Уж не знаю, как ему удалось справиться со всеми нами, но как-то, то ли вдруг, то ли постепенно, актеры под его влиянием начали как ненормальные вести общественную работу. Потом он заставил нас учиться — я сама чуть ли не все время училась в политсеминаре, который Борис Михайлович организовал для актеров. Ну, короче говоря, он нашел на нас управу или подобрал ключи, действуя ловко и бескорыстно, как дьявол.
Только теперь, сто лет спустя, я стараюсь вспомнить: как же все это происходило?
По-моему, он начал с «капустников». Существовало когда-то такое слово. В нашей памяти оно не было связано ни с чем. Но старые актеры рассказывали, что до революции во время Великого поста актеры со всей России съезжались в Москву, как на ярмарку невест. Тут они встречались с антрепренерами, получали ангажементы (тоже слово, безвозвратно ушедшее куда-то), то есть получали приглашения на работу на летний или зимний сезоны (иногда актеров нанимали посезонно) или на какой-то другой срок. И знаменитые, и маленькие актеры переходили из одной труппы в другую, переезжали из одного города в другой. Были знаменитые антрепризы Соловцова, Малиновской, Блюменталь-Тамарина, Аксарина и другие.
Денег у актеров было мало, ехали в Москву на последние, ели постом — постное, например капустник — такое было блюдо, самое дешевое. Но, конечно, встречались, общались, рассказывали друг другу про все смешные происшествия за целый год, про разные свои встречи и забавные истории. Получались как бы маленькие сценки, которые передавались дальше и повторялись с добавлениями.
Вот будто бы отсюда и получилось название «капустник».
Потом Художественный театр продолжал устраивать такие вечера — «капустники» — у себя в театре, потом Театр Вахтангова, Театр Сатиры, и затем это стало традицией. А потом было забыто на долгие годы.
Вот хитрый Б. М. Филиппов собрал нас как-то и предложил сделать такой спектакль-«капустник» для актеров Москвы.
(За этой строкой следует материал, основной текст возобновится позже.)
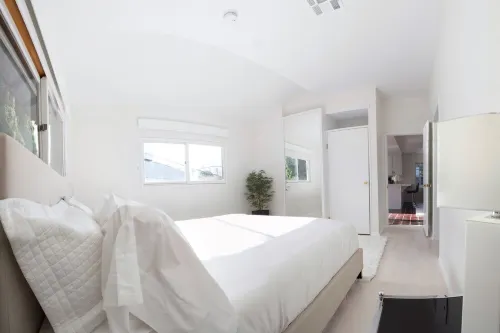 WALK 2 RODEO DR!TOP FLOOR. INQUIRE ABOUT PROMOS!!100 5 STAR REVIEWS AVAILABLE!!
Все сразу обрадовались и стали трудиться с таким усердием, что приходилось работать ночами: ведь все были актерами разных театров: и Иван Семенович Козловский, и Максим Дормидонтович Михайлов, ну и, конечно, Плятт, Абдулов, Корф, Рудин, Пыжова, которая однажды, часа в четыре утра, когда мы вышли на улицу с ночной репетиции, сказала мне, как после бала у Фамусова:
— Когда-нибудь с «капустника» — в могилу!
А в 10–11 часов утра все актеры, свежие, веселые, уже являлись в свои театры на репетицию как ни в чем не бывало. И все это делалось для того, чтобы порадовать потом этим спектаклем своих товарищей.
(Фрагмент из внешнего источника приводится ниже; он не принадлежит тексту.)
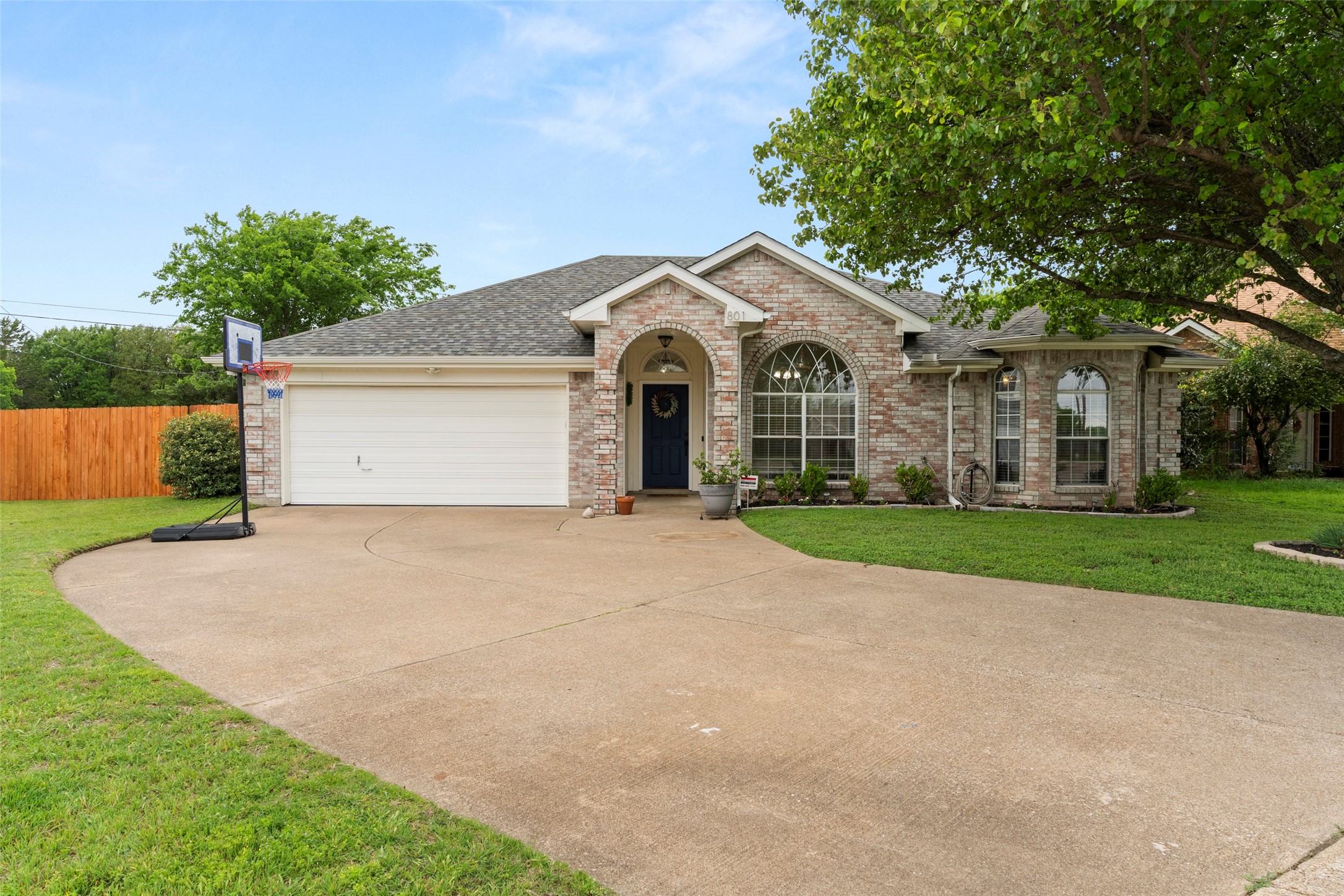 801 Switzer Lane Cedar Hill TX 75104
«Капустники» были театральным событием. Происходили они в ЦДРИ или в ВТО. А среди зрителей такие великие актеры, как Москвин, Немирович-Данченко, Михоэлс, Охлопков, Тарасова, Тарханов, Пашенная — и Малый театр, и Большой. Спектакль готовился для одного раза. И авторы, и актеры трудились над каждым словом, ведь каждое должно было попасть в точку — промахи не прощались.
Ну вот. За это же время Б. М. Филиппов успел заставить актеров стать активными членами-общественниками Дома работников искусств. А затем — заседать в правлении и только об этом думать, составлять планы работы Дома, обсуждать эти планы, вносить предложения и бесконечно заседать.
Тут же, рядом с нами, вовсю старались и мучились художники, музыканты, режиссеры. Художники также азартно работали и в правлении.
Почти то же самое делал с актерами и директор ВТО А. М. Эскин. Поэтому иногда актеры неслись с совещания в ЦДРИ на такое же совещание в ВТО. Как Барсова, Москвин вели эти совещания — надо было видеть! Секретари только успевали взмахивать перьями (вечными), ведя протокол.
А вечерами — «мероприятия», одно за другим, всю неделю. Устраивались спектакли в форме судов, очень популярные в то время. Судили героев литературных произведений или их создателей. В ЦДРИ, например, судили авторов, не пишущих женских ролей. Как полагается, был председатель суда, прокурор, защитник и два секретаря: секретарь суда и секретарь туда (О. Пыжова и Р. Зеленая).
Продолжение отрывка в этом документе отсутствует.